Personne n’a jamais vu ni entendu la Sainte Vierge sauf ces voyants et voyantes qui, soit-dit, reçoivent les messages de la Sainte Vierge parfois tous les jours. Il y a donc une prolifération de livres avec tous ces messages « du Ciel », dont certains fortement en faveur du pape Jean-Paul II : ainsi Jelena Vasilj déclara que la Sainte Vierge lui aurait dit, lors d’une apparition du 16 septembre 1982, que « Dieu lui a donné la permission de défaire Satan ». En général la Sainte Vierge appelle dans ces apparitions à pratiquer les vertus générales catholiques : la conversion, la prière (notamment du rosaire), la charité, les sacrements. Et les fruits de ces appels sont visibles et considérables : beaucoup de conversions se font à Medjugorje, notamment entre les jeunes venus de tous les pays. La ville s’est vite transformée en un petit Lourdes, avec ses hôtels et restaurants, ses kiosques de médailles et de rosaires, on entend dans les rues les langues du monde entier.

Quant à la position de l’évêque du lieu et des autorités ecclésiastiques à Rome, le ton a été donné dès le 10 avril 1991, par la « déclaration de Zadar » de la conférence des évêques yougoslaves : « Sur la base des recherches effectuées jusqu’à présent, il n’est pas possible d’affirmer le caractère surnaturel de ces apparitions ou révélations ». Cette position n’a pratiquement jamais changé, même si certains évêques, voire des cardinaux comme le Cardinal Schönborn d’Autriche en janvier 2010, aient visité Medjugorje à titre privé et soient revenus fort impressionnés. Le cardinal Ratzinger avait déclaré qu’il n’est pas permis, dans l’état actuel, d’organiser des pèlerinages diocésains à Medjugorje, mais que les fidèles peuvent s’y rendre à titre privé, quasiment en piété personnelle, tant que l’Eglise ne se soit pas prononcée officiellement. Dans ce but Benoît XVI a établi en 2010 une grande commission d’enquête, présidée par le cardinal Camillo Ruini et comprenant notamment plusieurs évêques yougoslaves, mais aussi des psychologues, médecins, scientifiques etc., qui siège depuis mars 2010 sans avoir statué jusqu’à présent.

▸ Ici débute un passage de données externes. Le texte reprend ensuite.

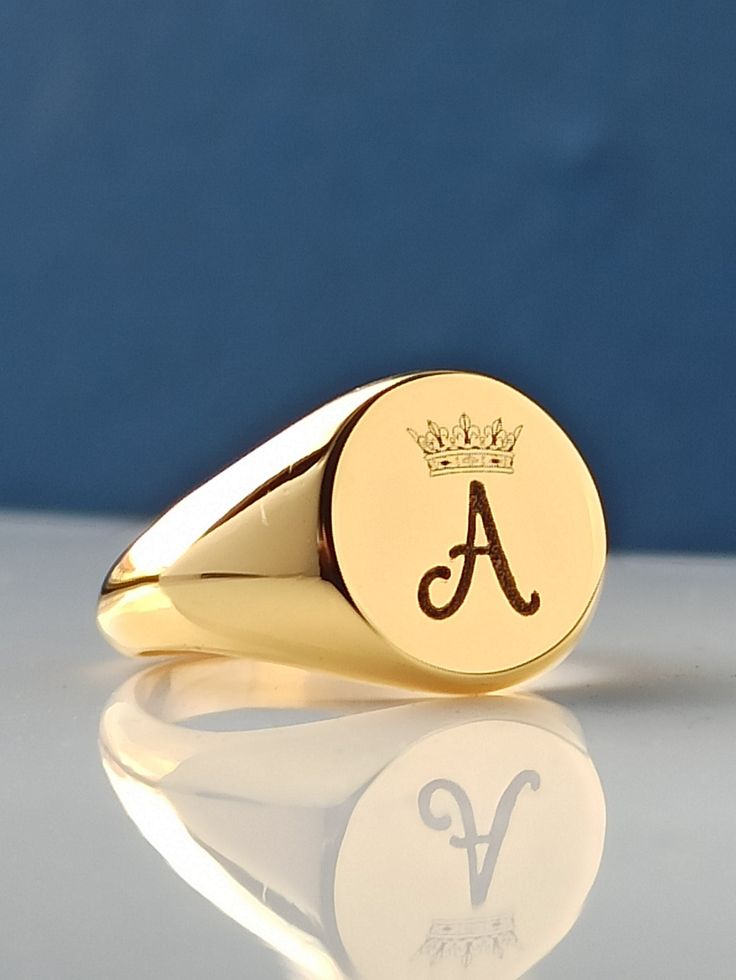 This product is GUARANTEED for life. * Rings are made with 10K-14K-18K Solid Gold. *The ring has the stamp of My Brand and 10K-14K-18K. *It can be combined with the color stone you want. * If you have another model in mind, I'd be happy to do it. * All items in my store can be made in 10K-14K-18K Solid gold. You can contact me for this. * The back of the ring is solid. * Your personalized ring comes in a beautiful gift ring box, ready to gift. * It is completely handmade. *Ring is Free on Side A Luxury Gold Engraved Ring With Hallmarks, Luxury Formal Initial Ring With Hallmarks, Luxury Hallmarked Initial Ring For Formal Occasions, Luxury Round Signet Ring With Hallmarks, Luxury Engraved Ring With Polished Finish For Gift, Luxury Engraved Ring With Polished Finish As Gift, Timeless Gold Signet Ring Gift, Timeless Polished Initial Ring As Gift, Luxury Oval Initial Ring As Gift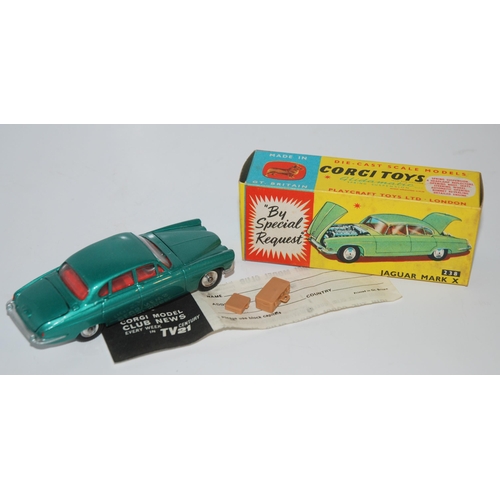 399 - A Corgi No. 238 Jaguar Mk X comprising of metallic sea green body with red interior and spun hubs, i...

Entre temps un fait troublant est intervenu : la Congrégation de la Foi à Rome a fait réduire à l’état laïque l’ancien curé de Medjugorje, en fait celui qui était là au début des « apparitions » et qui en avait fait la première publicité, le Père Tomislav Vlasic, Franciscain, qui a fondé à la suite en Italie une association « Reine de la Paix » dont il disait que c’était une œuvre fondée sur ordre spécifique de la Sainte Vierge de Medjugorje. Le Père Vlasic fut accusé de « diffusion d’une doctrine douteuse, de manipulation des consciences, de mysticisme suspect, de désobéissance à des ordres donnés de façon légitime, ainsi que de violation du 6e commandement » (il avait effectivement eu un enfant avec une sœur religieuse). Par contre, Jean-Paul II ne s’est jamais prononcé contre Medjugorje, au contraire : « Si je n’étais pas Pape, je serais déjà à Medjugorje pour confesser », aurait-il déclaré en 1987.

Face à tout cela, qu’est-ce qu’il faut penser ? L’Eglise s’approche de toutes les apparitions avec une extrême prudence, avec la volonté de chercher la vérité, et avec l’invitation permanente « de vivre plutôt l’Evangile que de courir derrière les apparitions », a déclaré tout récemment le secrétaire de la commission pontificale d’examen de Medjugorje. Il indiqua aussi que l’Eglise n’exige jamais des fidèles de croire aux apparitions, même pas à celles reconnues par l’Eglise (Lourdes, Fatima, Laus etc.). Aujourd’hui il y a une tendance justement de courir derrière les apparitions, au lieu de pratiquer la foi du charbonnier, rempart sûr dans les tempêtes de l’époque et les persécutions qui approchent. Saint Jean de la Croix nous montra le chemin en déclarant : « On doit être convaincu que toutes les visions, sentiments surnaturels et autres grandes choses ont beaucoup moins de valeur que le moindre acte d’humilité. » Un vif échange de vue, fort respectueux, a clôturé cet intéressant dîner.